The Obsolescence of Mourning

As Kate mentioned regarding vampires, it may be that a need for mourning has become “culturally irrelevant” these days. Along those lines, I was actually thinking of W. G. Sebald’s essay “Campo Santo,” which discusses mourning practices in Corsica: “The doors and shutters of the house afflicted by misfortune were closed, and sometimes the whole façade was painted black. The corpse, washed and freshly dressed, or in the not uncommon case of a violent death left in its bloodstained condition, was laid out in the parlor, which was usually less a room intended for the use of the living than the domain of dead members of the family, who were known was the antichi or antinati. This was where, after the introduction of photography, which in essence, after all, is nothing but a way of making ghostly apparitions materialize by means of a very dubious magical art, the living hung pictures of their parents, grandparents, and relations either close or more distant, who although or even because they were no longer alive were regarded as the true heads of the family.” In cataloging these archaic rituals of mourning, Sebald subtly links that work to photography, suggesting that the photograph has replaced the corpse in our lives, and the act of looking at photographs (or being looked at by them) has replaced the act of mourning. He thus concludes his essay with a paraphrase of Pierre Bertraux: “To remember, to retain and to preserve, Pierre Betraux wrote of the mutation of mankind even thirty years ago, was vitally important only when population density was low, we manufactured few items, and nothing but space was present in abundance. You could not do without anyone then, even after death. In the urban societies of the late twentieth century, on the other hand, where everyone is instantly replaceable and is really superfluous from birth, we have to keep throwing ballast overboard, forgetting everything that we might otherwise remember: youth, childhood, our origins, our forebears and ancestors.”

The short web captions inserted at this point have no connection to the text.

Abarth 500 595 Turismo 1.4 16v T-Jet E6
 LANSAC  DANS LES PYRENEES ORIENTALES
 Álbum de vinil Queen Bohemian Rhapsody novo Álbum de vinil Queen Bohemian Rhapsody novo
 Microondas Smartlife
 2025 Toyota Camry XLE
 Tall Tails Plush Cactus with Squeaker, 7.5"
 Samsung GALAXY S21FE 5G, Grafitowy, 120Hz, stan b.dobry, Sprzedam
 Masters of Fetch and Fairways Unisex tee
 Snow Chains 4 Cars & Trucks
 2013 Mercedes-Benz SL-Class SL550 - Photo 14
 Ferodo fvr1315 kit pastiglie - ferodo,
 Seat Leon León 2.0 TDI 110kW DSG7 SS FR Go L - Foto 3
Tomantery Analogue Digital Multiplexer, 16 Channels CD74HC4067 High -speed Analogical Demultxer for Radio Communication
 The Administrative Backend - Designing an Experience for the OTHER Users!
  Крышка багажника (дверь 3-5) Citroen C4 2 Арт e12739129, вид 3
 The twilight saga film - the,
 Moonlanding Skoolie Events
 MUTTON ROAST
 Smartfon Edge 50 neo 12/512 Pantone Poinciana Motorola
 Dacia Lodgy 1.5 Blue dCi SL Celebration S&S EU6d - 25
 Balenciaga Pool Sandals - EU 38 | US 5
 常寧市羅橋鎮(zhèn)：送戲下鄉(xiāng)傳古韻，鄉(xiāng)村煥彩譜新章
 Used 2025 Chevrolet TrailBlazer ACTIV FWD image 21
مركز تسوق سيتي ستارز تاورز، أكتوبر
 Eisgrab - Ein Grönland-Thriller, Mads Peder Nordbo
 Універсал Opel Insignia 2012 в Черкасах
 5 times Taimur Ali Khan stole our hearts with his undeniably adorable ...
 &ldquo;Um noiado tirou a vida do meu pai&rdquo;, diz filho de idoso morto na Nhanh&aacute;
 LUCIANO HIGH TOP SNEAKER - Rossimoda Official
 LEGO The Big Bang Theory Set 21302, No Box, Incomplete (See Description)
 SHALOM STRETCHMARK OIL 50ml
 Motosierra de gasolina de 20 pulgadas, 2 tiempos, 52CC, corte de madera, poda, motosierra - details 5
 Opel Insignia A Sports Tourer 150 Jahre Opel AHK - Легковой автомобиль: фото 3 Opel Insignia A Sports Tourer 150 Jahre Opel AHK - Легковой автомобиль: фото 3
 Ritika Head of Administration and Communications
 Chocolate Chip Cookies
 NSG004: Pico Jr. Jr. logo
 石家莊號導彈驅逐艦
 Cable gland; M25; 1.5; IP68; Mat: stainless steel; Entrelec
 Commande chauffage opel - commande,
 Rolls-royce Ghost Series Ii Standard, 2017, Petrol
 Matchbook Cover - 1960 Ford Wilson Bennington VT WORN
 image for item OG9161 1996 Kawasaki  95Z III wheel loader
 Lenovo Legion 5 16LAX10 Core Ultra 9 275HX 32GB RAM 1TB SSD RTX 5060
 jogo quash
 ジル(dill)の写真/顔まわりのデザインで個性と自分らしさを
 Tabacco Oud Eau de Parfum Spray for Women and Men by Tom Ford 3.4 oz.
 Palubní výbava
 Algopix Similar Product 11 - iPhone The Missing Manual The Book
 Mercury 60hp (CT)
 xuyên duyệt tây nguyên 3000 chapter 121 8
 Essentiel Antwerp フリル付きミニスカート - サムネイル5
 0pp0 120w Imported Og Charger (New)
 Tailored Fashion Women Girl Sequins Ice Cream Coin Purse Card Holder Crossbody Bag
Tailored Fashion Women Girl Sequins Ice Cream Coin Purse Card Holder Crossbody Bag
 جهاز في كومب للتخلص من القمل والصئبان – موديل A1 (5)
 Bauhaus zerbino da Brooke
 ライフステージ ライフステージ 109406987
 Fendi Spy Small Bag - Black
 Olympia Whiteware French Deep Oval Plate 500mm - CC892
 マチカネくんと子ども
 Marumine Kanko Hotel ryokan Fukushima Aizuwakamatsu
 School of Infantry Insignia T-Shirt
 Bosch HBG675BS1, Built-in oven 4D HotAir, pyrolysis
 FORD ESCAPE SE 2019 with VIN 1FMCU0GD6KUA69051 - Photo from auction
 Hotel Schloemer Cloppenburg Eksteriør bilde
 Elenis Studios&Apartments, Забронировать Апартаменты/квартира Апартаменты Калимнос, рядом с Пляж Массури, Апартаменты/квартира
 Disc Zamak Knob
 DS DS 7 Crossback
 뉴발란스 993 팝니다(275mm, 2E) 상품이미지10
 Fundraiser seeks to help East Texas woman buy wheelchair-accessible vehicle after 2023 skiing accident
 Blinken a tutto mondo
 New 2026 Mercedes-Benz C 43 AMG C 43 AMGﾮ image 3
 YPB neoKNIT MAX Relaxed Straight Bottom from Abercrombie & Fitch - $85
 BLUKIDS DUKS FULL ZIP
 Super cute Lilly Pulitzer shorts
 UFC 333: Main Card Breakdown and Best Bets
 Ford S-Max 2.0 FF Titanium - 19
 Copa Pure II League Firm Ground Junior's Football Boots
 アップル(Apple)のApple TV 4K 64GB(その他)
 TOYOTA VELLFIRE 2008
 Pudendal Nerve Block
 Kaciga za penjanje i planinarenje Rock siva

So, then, perhaps we don’t need mourning in the way we once did, but in this regard Jonathan Shay’s “Achilles in Vietnam” becomes vitally interesting: in it Shay (a psychiatrist who works with vets and PTSD) argues that the major components of PTSD come from a lack of ritual that was once associated with war. Turning to “The Iliad” he traces the way in which soldiers were openly mourned by their comrades (for example, Achilles’ funeral games for Patroclus), and suggests that modern military training has suppressed this need for mourning into a “berserker rage,” such that when one’s comrades are killed, one is encouraged not to weep or mourn for them but to turn on the enemy that much more savagely, substituting bloody revenge for a loss. Shay calls for a recognition of the importance of mourning and the need to incorporate it into the military as a means of healing psychological wounds among those subjected to combat.

Certainly of all those in our society that we fail to mourn the loss of, none is more acute than veterans, who are given treacly tributes and nonsensical platitudes by politicians and newscasters before being swept under the rug. And to continue on Sebald’s theme of linking mourning with photography, we as a culture were even (and most pointedly) denied the images of the returning dead—as if to say, there’s no corpse here whatsoever, you can have war without the dead body, without even its ghostly resonance in the photograph.

Joe Dante’s 2005 film “Homecoming” remains to me, in this light, one of the best ideas and biggest missed opportunities along this theme: in it the Iraq war dead come back to life as zombies and plague the United States. They don’t want to eat brains; they only want to vote. The movie too quickly devolves into cheap shots which, while cathartic (the Karl Rove stand-in having his head devoured by zombies is priceless), miss I think a larger anxiety about the way in which we as a culture produce dead bodies in search of abstract symbols, and what to do with those bodies once mourning has been foreclosed to us. It may be that they’re still coming back as vampires and zombies, and that we’ve come full circle once more.